EJI’s largest funder, the JEHT Foundation, will shut down at the end of this month and will not be able to provide grants committed to EJI for the next three years because its funds were stolen by money manager Bernard Madoff.
In mid-December, JEHT announced that it would close its doors after learning that all of its money was lost in Madoff’s Ponzi scheme, which robbed investors of over $50 billion. EJI was informed that it would not get the funds it anticipated receiving in late December to cover operations for 2008.
EJI relied on JEHT funding for nearly 25% of its annual budget.

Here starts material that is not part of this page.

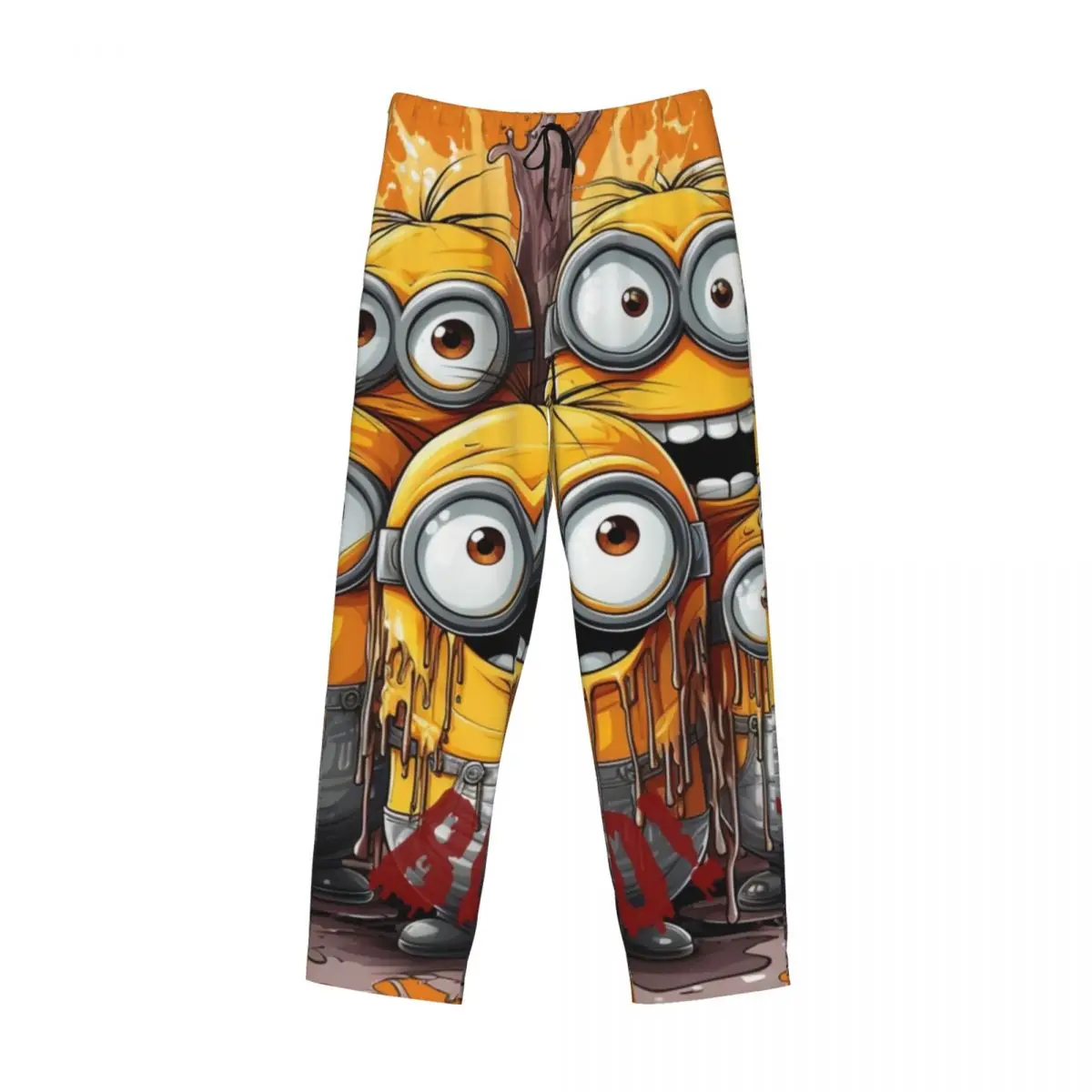Штаны в виде миньонов под заказ Мужская одежда для сна с завязками и карманами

The abrupt loss of such a significant amount of support has left EJI struggling to provide legal assistance to death row prisoners and incarcerated people around the country.
“The timing of this major loss of funding could not be worse,” said EJI Director Bryan Stevenson. “We’re facing an unprecedented demand for help, our resources already were stretched thin, and we have no opportunity to recover the lost support.”
JEHT is one of only a few foundations that focus on criminal and juvenile justice. With the recession already compromising the ability of nonprofit organizations like EJI to raise enough money to cover operating costs, the closing of JEHT and other charities whose money was stolen by Madoff will have a disastrous impact on nonprofit organizations and the people who depend on them for help.
JEHT’s funding was especially critical for EJI’s national work challenging death-in-prison sentences imposed on 13- and 14-year-old children. JEHT provided most of the funding for this project.
EJI’s litigation and re-entry work on behalf of people who were sentenced to die in prison for offenses that happened when they were 13 or 14 years old yielded a victory in November 2008, when EJI won Phillip Shaw’s release from a Missouri prison. The litigation campaign, which so far has included legal filings in over a dozen cases in ten states, is the only one of its kind in the country.
“Losing JEHT’s support is devastating to our work, especially to our campaign on behalf of young children sentenced to die in prison,” Stevenson said. “We’re going to have to re-evaluate whether this is work we can continue.”